In this context, organic is the technique; BioIntegrale is the corporate story that links soil, hospitality, logistics, and family succession.

The choice of terracotta is also presented by Casadei itself as part of that BioIntegral logic: a rediscovery of old techniques within a philosophy that aims to limit interventions in the cellar and vineyard.

That is the difference compared to empty sustainability rhetoric. At Casadei, BioIntegrale is not just a manifesto; it also provides a tool that works in the cellar. Casadei’s terracotta wine barrels deserve a greater role in how this company presents itself. And the technical choices behind those wines deserve a much larger place in the company’s story. I say this as someone who thoroughly enjoyed drinking the four red wines, and who, afterwards, might actually have preferred to open Elena’s Le Anfore line.

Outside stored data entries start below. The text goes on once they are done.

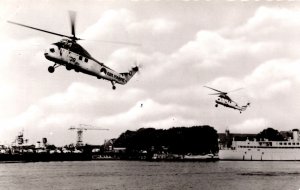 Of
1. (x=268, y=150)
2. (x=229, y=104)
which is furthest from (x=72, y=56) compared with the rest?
(x=268, y=150)

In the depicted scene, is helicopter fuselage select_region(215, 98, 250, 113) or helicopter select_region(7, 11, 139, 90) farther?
helicopter fuselage select_region(215, 98, 250, 113)

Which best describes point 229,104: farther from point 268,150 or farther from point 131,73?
point 268,150

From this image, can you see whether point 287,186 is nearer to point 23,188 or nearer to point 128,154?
point 23,188

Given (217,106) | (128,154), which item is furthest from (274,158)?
(217,106)

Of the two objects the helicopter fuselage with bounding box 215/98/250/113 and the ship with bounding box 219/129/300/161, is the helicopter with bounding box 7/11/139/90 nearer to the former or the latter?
the helicopter fuselage with bounding box 215/98/250/113

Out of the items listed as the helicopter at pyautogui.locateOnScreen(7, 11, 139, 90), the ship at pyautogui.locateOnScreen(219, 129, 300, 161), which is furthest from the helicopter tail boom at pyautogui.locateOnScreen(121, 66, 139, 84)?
the ship at pyautogui.locateOnScreen(219, 129, 300, 161)

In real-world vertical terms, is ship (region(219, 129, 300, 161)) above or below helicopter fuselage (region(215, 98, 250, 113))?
below

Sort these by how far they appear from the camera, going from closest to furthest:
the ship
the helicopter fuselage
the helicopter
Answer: the helicopter → the helicopter fuselage → the ship

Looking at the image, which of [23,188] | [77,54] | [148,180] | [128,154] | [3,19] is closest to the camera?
[3,19] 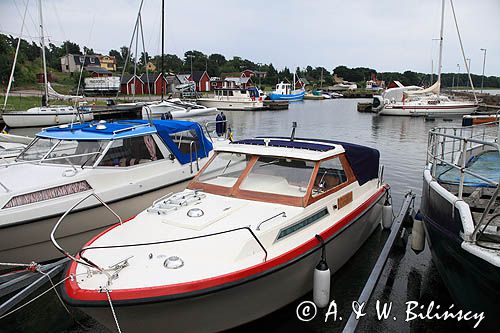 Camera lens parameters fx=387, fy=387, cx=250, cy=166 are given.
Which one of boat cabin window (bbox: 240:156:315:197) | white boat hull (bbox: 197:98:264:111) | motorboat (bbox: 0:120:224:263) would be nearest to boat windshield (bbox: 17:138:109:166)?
motorboat (bbox: 0:120:224:263)

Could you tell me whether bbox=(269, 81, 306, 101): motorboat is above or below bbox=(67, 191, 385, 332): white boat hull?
above

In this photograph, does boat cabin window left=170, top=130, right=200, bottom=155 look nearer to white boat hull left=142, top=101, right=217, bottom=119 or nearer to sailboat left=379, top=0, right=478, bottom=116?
white boat hull left=142, top=101, right=217, bottom=119

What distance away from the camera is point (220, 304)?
4.26 m

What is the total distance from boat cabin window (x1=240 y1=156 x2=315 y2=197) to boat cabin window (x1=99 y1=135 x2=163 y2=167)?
319 cm

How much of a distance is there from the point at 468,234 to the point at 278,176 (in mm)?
2825

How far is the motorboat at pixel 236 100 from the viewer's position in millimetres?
50469

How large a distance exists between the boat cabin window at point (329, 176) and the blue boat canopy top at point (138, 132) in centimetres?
393

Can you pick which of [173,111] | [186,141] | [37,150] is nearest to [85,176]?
[37,150]

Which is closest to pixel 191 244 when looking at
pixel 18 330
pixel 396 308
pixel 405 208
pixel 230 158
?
pixel 230 158

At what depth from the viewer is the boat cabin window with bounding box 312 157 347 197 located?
590 centimetres

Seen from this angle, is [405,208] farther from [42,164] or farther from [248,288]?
[42,164]

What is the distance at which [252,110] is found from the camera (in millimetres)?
50719

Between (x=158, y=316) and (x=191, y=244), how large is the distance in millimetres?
896

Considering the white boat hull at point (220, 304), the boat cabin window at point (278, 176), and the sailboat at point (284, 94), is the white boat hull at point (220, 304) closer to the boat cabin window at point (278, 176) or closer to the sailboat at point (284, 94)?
the boat cabin window at point (278, 176) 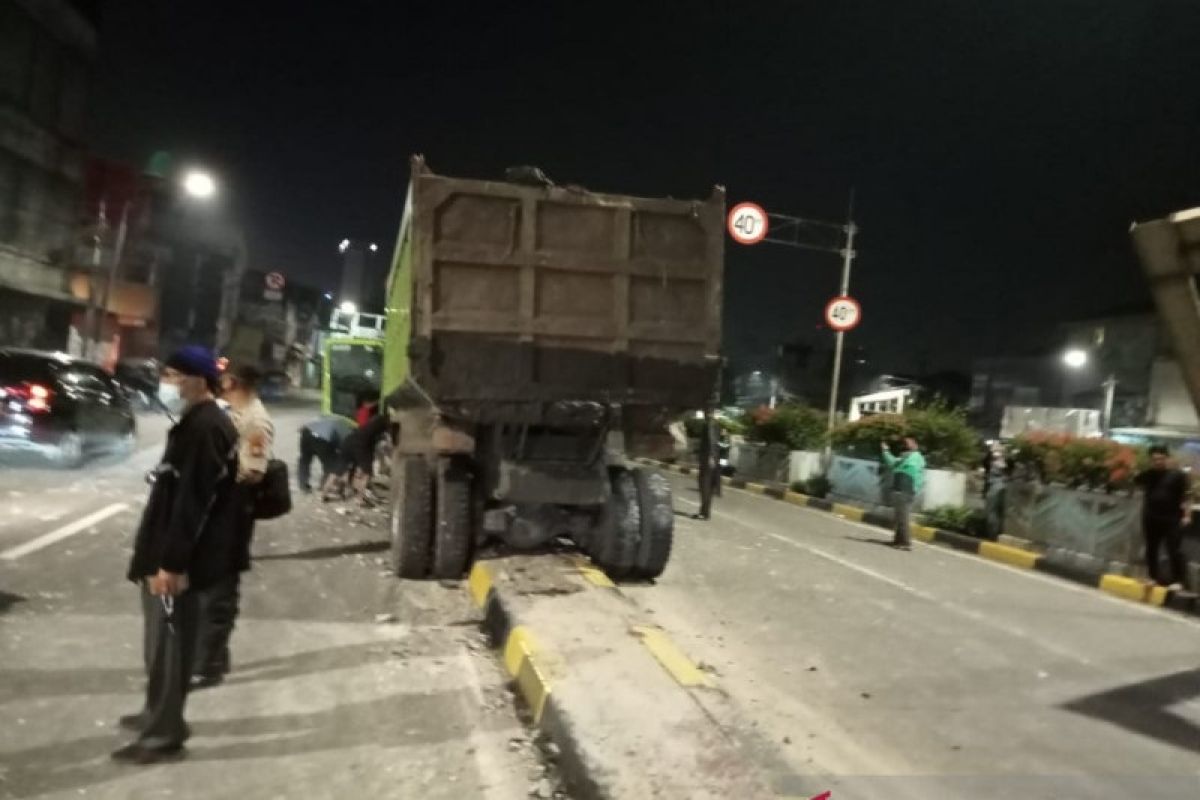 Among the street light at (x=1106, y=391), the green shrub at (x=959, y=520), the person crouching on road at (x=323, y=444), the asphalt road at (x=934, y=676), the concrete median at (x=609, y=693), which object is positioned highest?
the street light at (x=1106, y=391)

The most original story of Famiglia Casadei lies in the cellar, where earthenware stands alongside steel, cement, and oak. Terracotta forms a category of its own there: it allows limited oxygen supply, emits far fewer recognizable vat aromas than new oak, and can, especially when buried, dampen temperature fluctuations.

Oenological literature now treats terracotta as a serious alternative to stainless steel, wood, and concrete, with properties such as oxygen permeability, porosity, and influence on wine development being systematically investigated. 1

Casadei uses that tool cautiously, in modest fractions alongside familiar materials. That is precisely where the originality lies: terracotta as a targeted intervention in the vinification, rather than as a ostentatious style statement. That story deserves a much larger place in the company's presentation. And it is exactly the story I would have liked to explore in more detail during the tasting. But perhaps that opportunity will still come.

  1. Esoyan, S., Loupiac, C., Hovhannisyan, N., Gougeon, R., Karbowiak, T., Michalke, B., Schmitt-Kopplin, P., Fontaine, C., Valange, S., & Bodart, P. R. (2023). Interaction between Armenian clay-based ceramics and model wine during storage . OENO One, 57 (2), 101–113. https://doi.org/10.20870/oeno-one.2023.57.2.7243 . ↩︎

All images provided by Famiglia Casadei.